__AVAILABLE RECORDS__:
__________
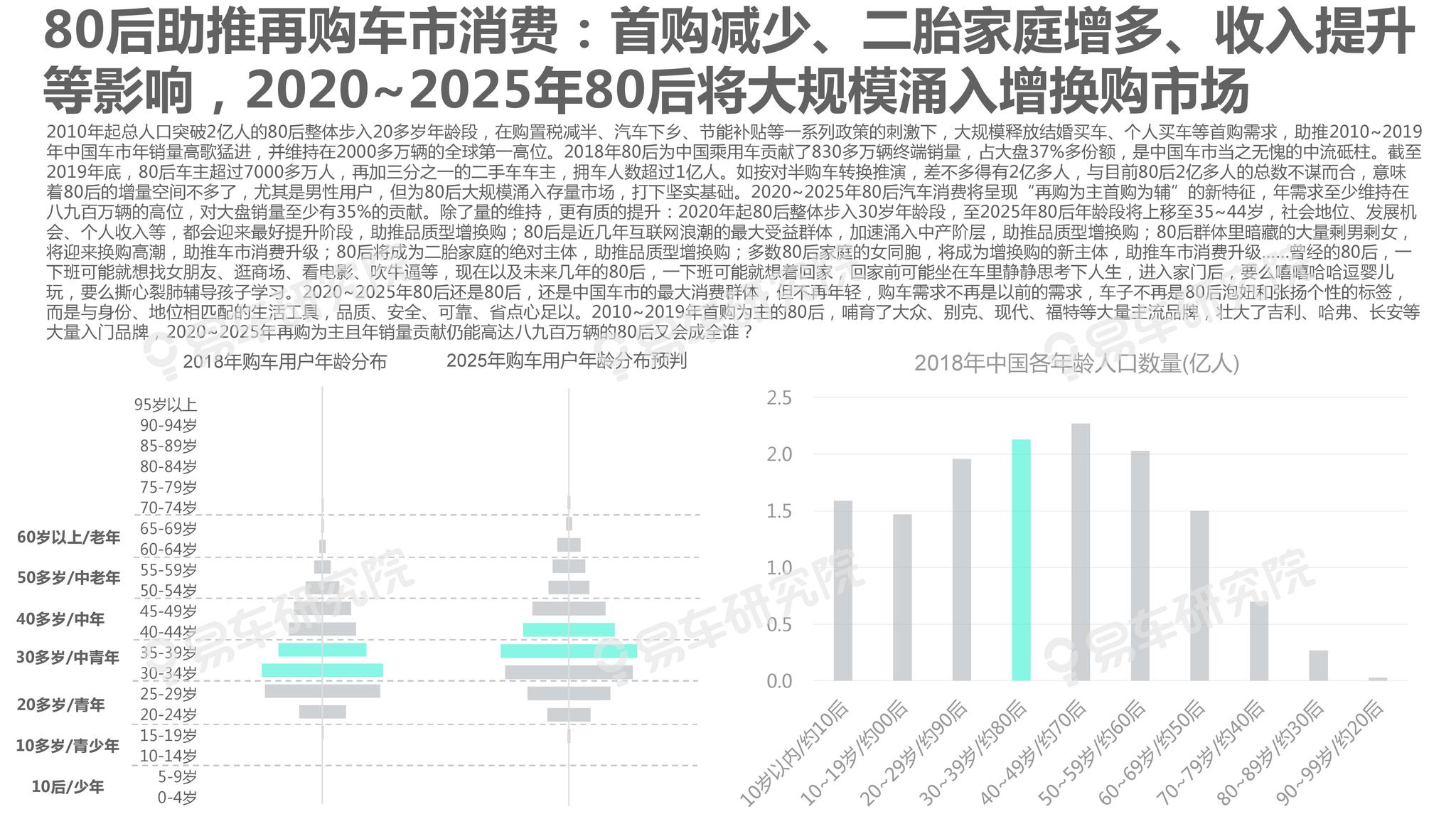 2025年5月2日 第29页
__________
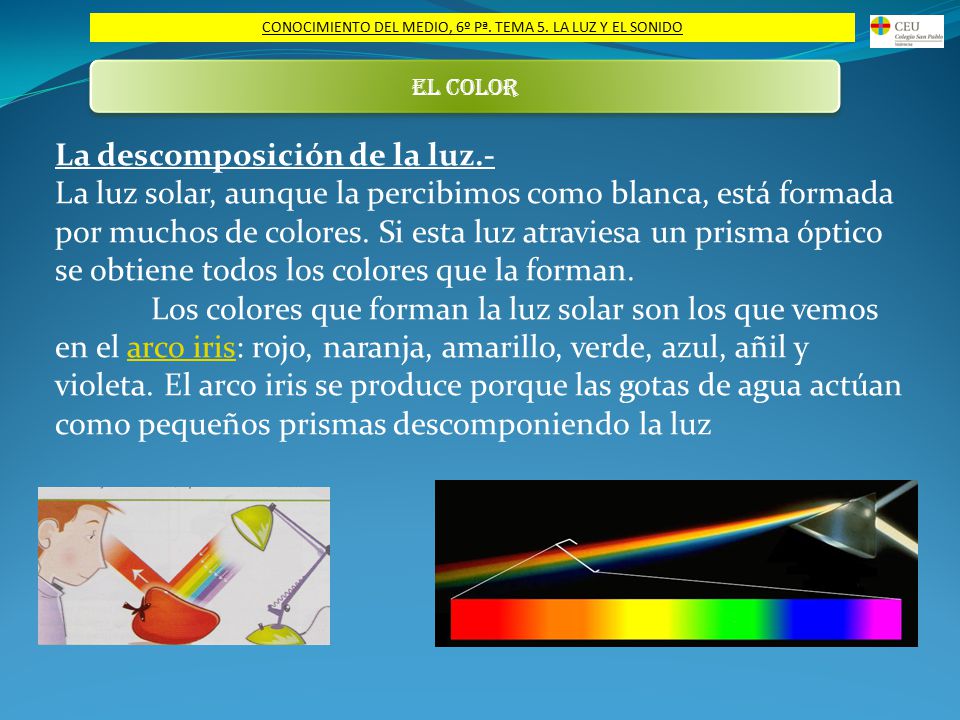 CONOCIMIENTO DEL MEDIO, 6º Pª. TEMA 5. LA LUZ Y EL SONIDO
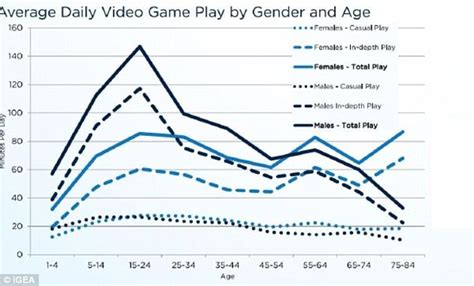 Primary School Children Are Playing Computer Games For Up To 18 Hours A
__________
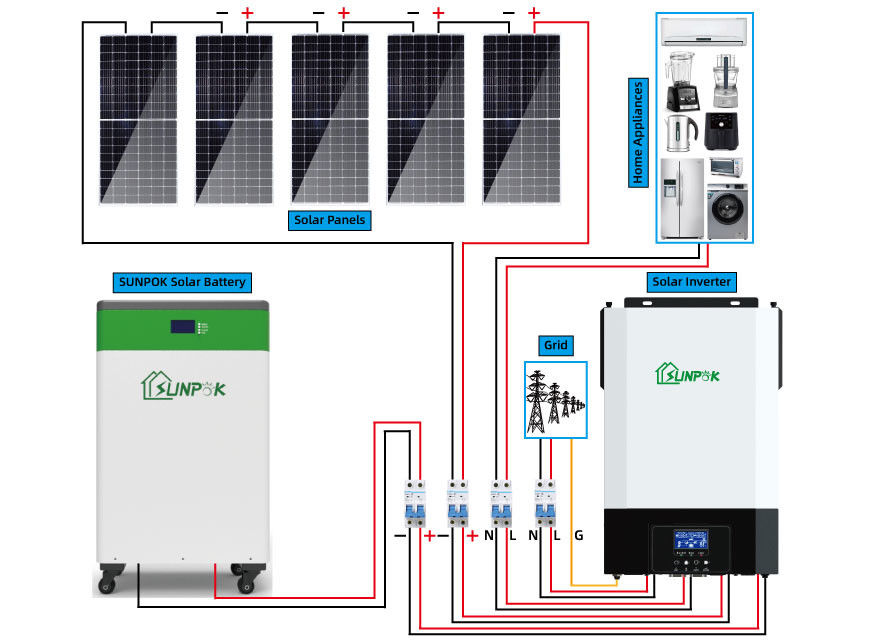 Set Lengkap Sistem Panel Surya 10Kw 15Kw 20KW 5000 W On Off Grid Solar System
__________
__WORK INSTRUCTION__:
Starting at the line with "CONOCIMIENTO DEL MEDIO, 6º" and finishing at the line with "Primary School Children", copy the material above exactly, both lines included. Nothing else goes in, and no pictures.

__RESPONSE TO THIS EXERCISE__:
 CONOCIMIENTO DEL MEDIO, 6º Pª. TEMA 5. LA LUZ Y EL SONIDO
 Primary School Children Are Playing Computer Games For Up To 18 Hours A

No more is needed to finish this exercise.